Our program booklet quoted Fure on the music she writes. She likes “the muscular act of music-making and the chaotic behaviors of raw acoustic matter.” She seeks to cause “a certain jolt of presence, which is why there’s often a mix of violence and fragility in my work.”

Before Van Zweden gave the downbeat for Filament, the house was completely dark. Then there was a shushing sound, and squeals, and something like wind chimes. Then there was a glaring light, which hurt. I believe it was supposed to hurt, and that the music was, too. “Was this how they tortured Noriega?” I thought. The piece struck me as something to endure.

It is “assaultive,” as critics like to say (in praise of a piece). I thought of a car crash that keeps happening. Indeed, there are sirens along the way. Also, the composer experiments with sound. I wondered, “Do you need a symphony orchestra for this? Can it not be done on computers, or with other technology? Do you need trained violinists, cellists, and so on?”

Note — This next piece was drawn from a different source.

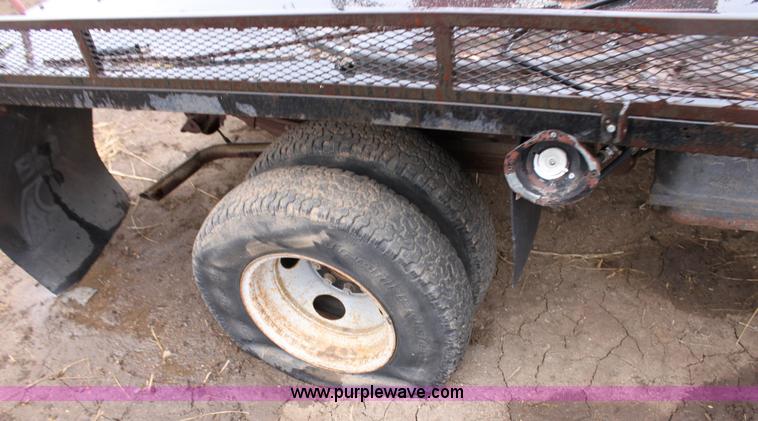 image for item 6421 1985 GMC K3500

Toward the end of the piece, a group of people near me, standing in the aisle, made heavy-breathing noises through megaphones. (I should stress that they were official participants in the performance, not rogue elements.)

Sitting there, I thought of something that Mariss Jansons, the Latvian conductor, told me in an interview this past summer. When he was the music director in Pittsburgh, he said, he had to program a new piece by an American composer every week—otherwise, the critics would kill you. I’m sure that this applies to New York, too, and even more so. Is new music—by Americans, specifically—the toll you have to pay, to move on to, say, Beethoven (as Van Zweden and the Philharmonic did on this particular night)?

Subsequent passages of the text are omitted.